For I’m stuck on the idea that not every actress is suited for every medium. Film requires a level of honesty that the small screen doesn’t, but television requires a level of give and take and an insouciance that the long incubation of moviemaking often renders impossible. And stage requires a level of engagement and vibrancy that almost inevitably proves too much for any sort of screen actor. Of course there exist the likes of Glenn Close, who rarely falters, not even in The Shield, of all things. Kathy Bates, in town for a reading of Eve Ensler’s Necessary Targets, is smart, honest and accessible in every medium known to man. And God knows Helen Mirren never misses. British broads basically are equipped for everything, all attendant metaphors applicable.
But can you imagine how dreadful Meryl Streep, who excels on stage even more consistently than she does on film, would be in a sitcom? She’s already almost too larger-than-life for the big screen. (To be fair, she turned in the best performances of her later career in Angels in America, but HBO hardly counts as TV anymore.) Or take Catherine Keener, a star on stage and big screen whose snide demeanor would merely come off as a lack of affect on TV. Maggie Gyllenhaal is such an ideal film actress that I can scarcely imagine her in any other medium. Jennifer Aniston has flatlined in every movie she’s ever appeared in except for Office Space, in which bad acting was actually the point, but she sported genuine comedic chops on Friends. Julia Roberts really is a decent movie star, if a limited film actress (a whispering Mary Reilly will forever haunt my dreams), but her sputtering guest turn on Friends flailed and Broadway ate her for breakfast with forgivable glee. Some actresses whom I’ve seen shine on stage over the years have never made it to screens of any sort (save the requisite Law and Order episode) not only because their looks didn’t translate but because they couldn’t stop pitching to the back of the house.

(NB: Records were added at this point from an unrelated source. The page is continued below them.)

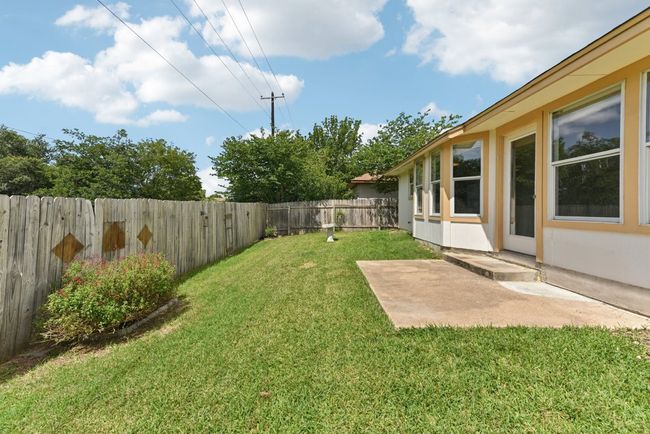 906 Jasmine Trl, House other with 3 bedrooms, 2 bathrooms and 4 parking in Georgetown TX | Image 26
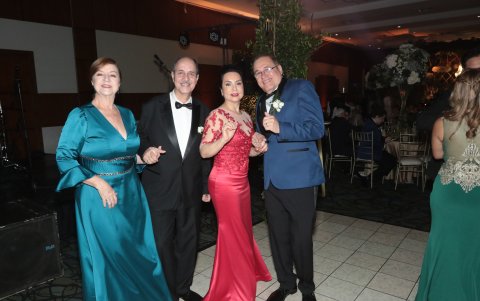 Lupita Fuentes de Ycaza, Felipe Ycaza, Sandra Villacrés de Villegas y Segundo Villegas.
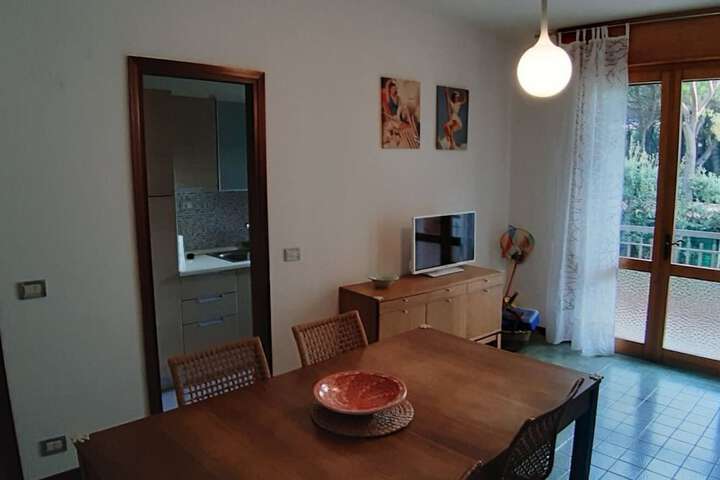 Room 5 of 17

The list goes on and on — and I haven’t’ even tackled the European actresses. It’s like a missing lesson from the Free To Be You and Me soundtrack: Not every actress is suited to every medium and, hey, that’s okay.
God help me, but critic Armond White’s article about why it takes so long for the “American Eccentrics” — namely, Wes Anderson, Spike Jonze, David O. Russell, Alexander Payne, Paul Thomas Anderson, Sofia Coppola — to churn out their films is really great. White’s metareactionary reviews normally get my dander up, but if I didn’t cop to digging on this piece, I suppose I’d be guilty of the grandstanding I smell in most of his work. Or did I just evidence it now, already? Oy. Meta, meta, meta and not a drop to drink.